Baraka co-founded the Black Arts Movement of the 1960s. His literary legacy is as complicated as the times he lived through, from his childhood — where he recalled not being allowed to enter a segregated library — to the 2001 attack on the World Trade Center. His poem about that attack, "Somebody Blew Up America," quickly became infamous.
They say its some terrorist,
in Afghanistan ...
In that poem, Baraka hurls indictments at forces of oppression throughout history:
Who the biggest terrorist
Who change the bible
Who killed the most people
Who do the most evil
Who don't worry about survival
Who have the colonies
Who stole the most land
Who rule the world
Who say they good but only do evil
The poem is a furious blaze of references, from the invasion of Grenada to the Jewish Holocaust, and conspiracies ranging from who shot Malcolm X to who killed Princess Di. Then, critics said, Amiri Baraka took it way too far:
Who knew the World Trade Center was gonna get bombed
Who told 4000 Israeli workers at the Twin Towers
To stay home that day
Why did Sharon stay away?
Who? Who? Who?
The poem had immediate consequences. Baraka was reviled even by former fans, and his post as the official state poet laureate of New Jersey was dissolved.

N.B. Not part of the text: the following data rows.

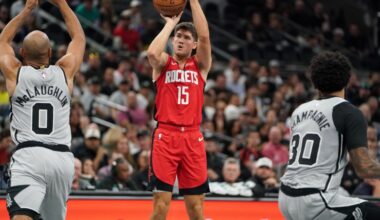 Has Reed Sheppard arrived for the Rockets?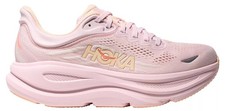 HOKA Women's Bondi 9 Lilac Cream Tangerine Glow Size 6-11 Wide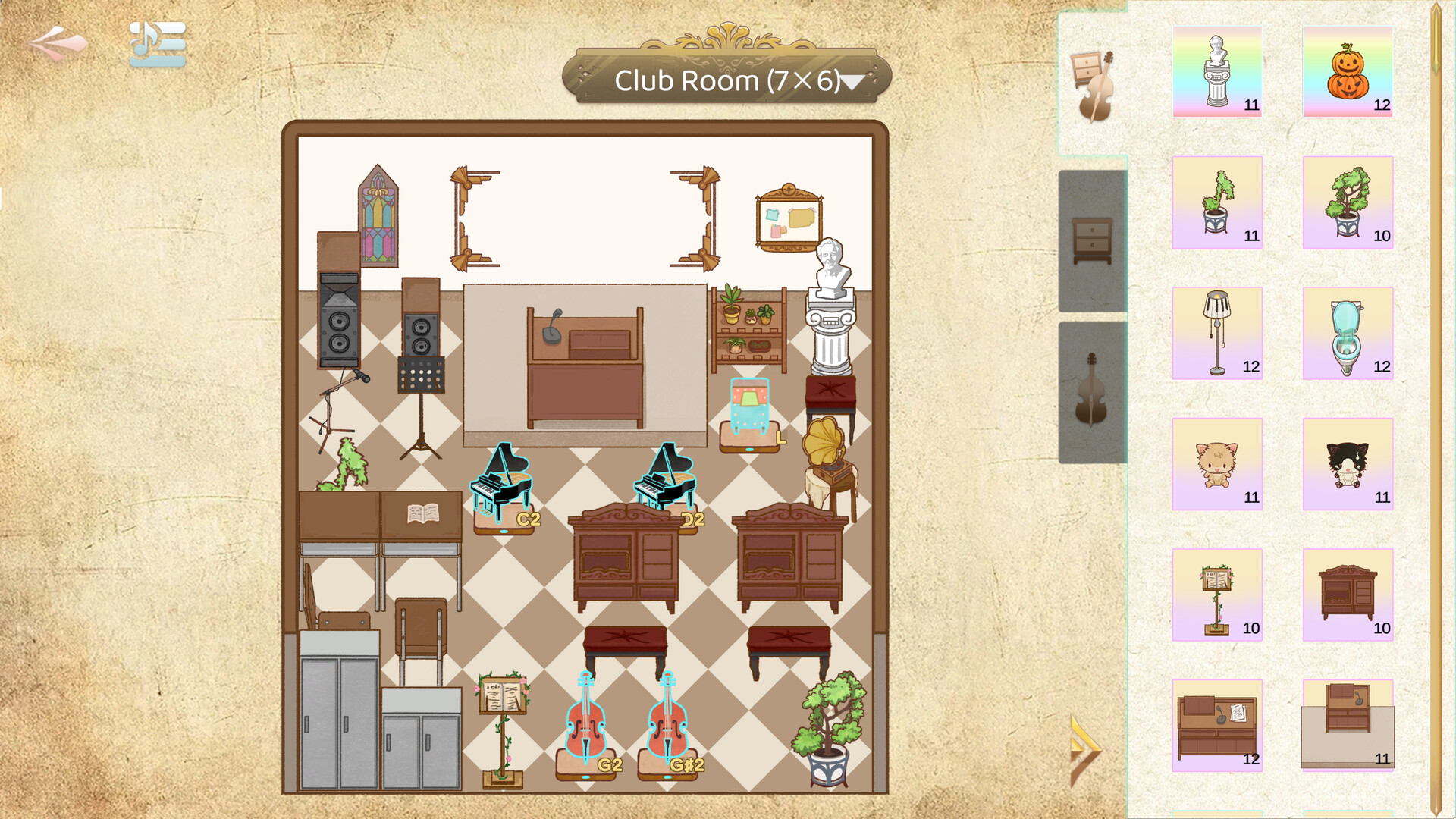 Concerto on White: Cajon Story screenshot #11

A few years later, the host of the NPR show News and Notes pressed him about the incident, asking if he had any regrets.
"No — I have regrets that they didn't pay me my money — cheap criminals. I have regrets about that," Baraka said. "But I don't have regrets about writing the poem. Because the poem was true."
Over his life, Amiri Baraka would express an extremely broad range of beliefs — some offensive, some achingly beautiful. He was born in 1934, in Newark, N.J., as Everett LeRoi Jones. As a child, he was transfixed by poetry and music. He remembered the passing of musician Miles Davis for NPR, saying he wanted to be just like Davis as a teenager:
I wanted to look like that too — that green shirt and rolled up sleeves on Milestones ... always wanted to look like that. And be able to play "On Green Dolphin Street" or "Autumn Leaves" ... That gorgeous chilling sweet sound. That's the music you wanted playing when you was coming into a joint, or just looking up at the sky with your baby by your side, that mixture of America and them changes, them blue African magic chants.
As a young man, the writer was part of New York's then-mostly white Bohemian community. He hung out with Allen Ginsberg and Jack Kerouac — and wrote a book called Blues People that changed people's ideas about the importance of African American culture, says scholar Kumozie Woodard.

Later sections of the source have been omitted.